Auch im theoretischen Feld überzeugte das Magazin. Kritische Essays zur Populärkultur, zur gesellschaftlichen Situation und oft „wiesengrundige“ Beiträge über philosophische Themen gab es regelmäßig – dem gegenüber standen Interviews, bei denen wiederkehrend Nebensächlichkeiten im Fokus standen. Diese Gespräche bedurften keines Kommentars. Sie sprachen für sich und sagten mehr über die Künstler und ihr Werk aus, als die zeitgleich veröffentlichten Informationen der Plattenlabel. Legendär sind Interviews mit Mark E. Smith, oder das wahnwitzige Gespräch mit Kim Fowley, ebenso ein neueres Treffen mit Lady Gaga in Duisburg (!). Trotz des vorherrschenden Studentenjargons der spex lohnte es, sich mit den Texten näher auseinanderzusetzen, denn oft gelang es ihnen im allgemeinen Diskurs der Zeit interessante Akzente zu setzen, ohne dem jeweiligen Zeitgeist hörig zu sein. In Erinnerung geblieben ist mir z.B. eine transkribierte Diskussion zwischen Trini Trimpop, Ale Sexfeind, Markus Repkow, Hans Nieswandt, Clara Drechsler, Ralf Niemczyk, Christian Storms und Mark Terkessidis über die Themen Punk und Rechtsrock.
pop will eat itself
Der Rest ist, wie so oft, schnell erzählt. Der Verkauf an einen österreichischen Verlag, der Umzug nach Berlin, der erneute Verkauf, Mainstreamavancen, das Internet … All das tat dem Magazin nicht gerade gut. Die schlaumeierischen Marketingideen, bei einer untergrundaffinen Publikation „Mehrwert generieren“ zu wollen, muten geradezu absurd an.
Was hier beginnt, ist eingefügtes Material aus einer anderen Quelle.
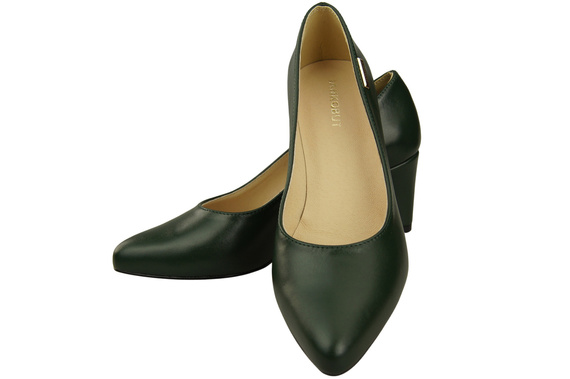 Klassische Glatt Damen Smaragdgrün Naturleder Schuhe 213 ElitaBut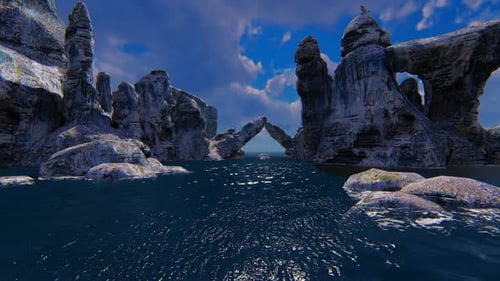 Flying Among The Rocky Reefs HD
Die Zeitschrift wurde dicker, voll von berlin’esquer Kunst und Mode (!) wirkte sie irgendwann nur noch uffjedunsen – träge – und alt. Da halfen auch Farben und Haptik nicht viel. Der biedere Versuch bis zuletzt mit einer eingeklebten CD im Zeitalter des Internets punkten zu wollen, musste scheitern. Längst war die spex ihrer Funktion als Navigationsgerät und Schatzsucher im zwielichten Dickicht der unschöneren Künste durch bessere (sensiblere, aktuellere) Onlineangebote beraubt worden. Sie wurde zu dem, was sie nie sein wollte und starb einen langsamen, stillen Tod. Dieses Jahr, nach 384 Ausgaben und 38 Jahren, nehmen wir endgültig Abschied.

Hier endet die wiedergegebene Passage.